Da liegt die Frage nach Sigmar Gabriel nahe. Er kann weder auf hohe Sympathiewerte setzten, noch auf die Geschlossenheit der SPD.
Albig: Die Situation im Bund ist für die SPD eine andere ist als in Rheinland-Pfalz. Dort hat die amtierende Ministerpräsidentin enorme Zugkraft entwickelt. Die Aufgabe im Bund ist also, eine Strategie gegen die Zugkraft von Angela Merkel zu erarbeiten. Sie hat als Kanzlerin klar einen Bonus.
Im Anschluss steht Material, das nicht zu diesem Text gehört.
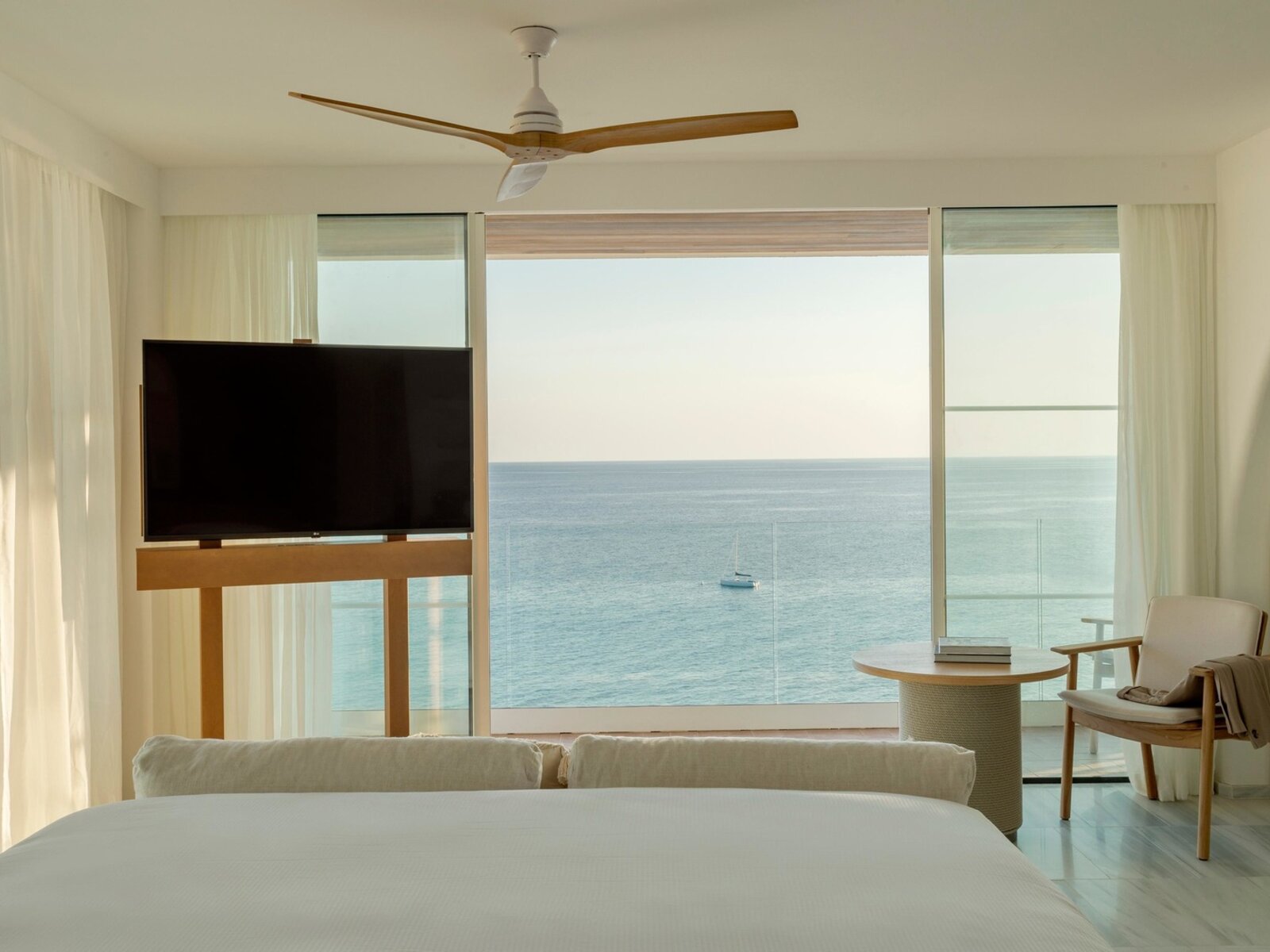 Wohnbeispiel Ocean Suite Sea View with Terrace and Tub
Wenn eine Partei aus der Regierung heraus gegen eine so starke Persönlichkeit antritt, muss sie geschlossen auf ihre inhaltlichen Stärken setzen und sollte nicht erst versuchen, einen Personenwahlkampf zu doppeln. Sie muss klar machen, dass sie entscheidender Teil der Regierung ist. Das gelingt Sigmar Gabriel ausgezeichnet.

Wenn man an den letzten SPD-Parteitag denkt und die Wahlklatsche dort für Sigmar Gabriel, dann vermittelt die SPD genau diese Geschlossenheit nicht.
Albig: Deswegen gibt es auch viele, mich eingeschlossen, die sich darüber nicht gefreut haben. Wir müssen jetzt diese Geschlossenheit erzeugen. Aus Rheinland-Pfalz kann man lernen, dass nichts in Stein gemeißelt ist. Die Dinge sind änderbar. Wenn man geschlossen und unverzagt miteinander kämpft.

Wo die SPD-Juniorpartner ist, droht ihr regelrecht die Marginalisierung.
Albig: Die Logik, dann lieber in die Opposition zu gehen, da regenerieren wir uns wieder, die hilft leider auch nicht, wie man an der CDU in Baden-Württemberg sieht. Sie ist noch schwächer geworden. Nein, man muss dann eben umso stärker auffallen und die eigenen Leistungen in der Regierung betonen. So wie Gabriel das macht. 70 Prozent der Leistungen der Großen Koalition sind sozial- und nicht christdemokratisch. Das ist insbesondere auf die erfolgreiche Arbeit des Vizekanzlers Gabriel zurückzuführen.

Und wie soll die SPD bis zur Bundestagswahl auffallen?
Albig: Vor allem als die Gerechtigkeitspartei. Seit 150 Jahren sind wir als Sozialdemokratie der Anwalt dafür, dass es in Deutschland gerecht zugeht. Dafür, dass jeder teilhaben kann. Dafür, dass jeder die gleiche Chance hat. Egal, wo er herkommt.

Dann müssten sie die Vermögenssteuer wieder auf die Tagesordnung setzen, die Gabriel gerade nicht mehr thematisieren will.
Albig: Wir regieren seit 1998 mit, und auch unter unserer Mitverantwortung ist die Vermögensverteilung sicher nicht in allen Bereichen gerechter geworden. Aber beim Thema Gerechtigkeit geht es um viel mehr als um Steuergerechtigkeit. Es geht um Teilhabe, um Jobs, um Wohnungen, um die Unterstützung normaler Familien. Es geht darum, ob es über alles gesehen, eigentlich gerecht zugeht in diesem Land.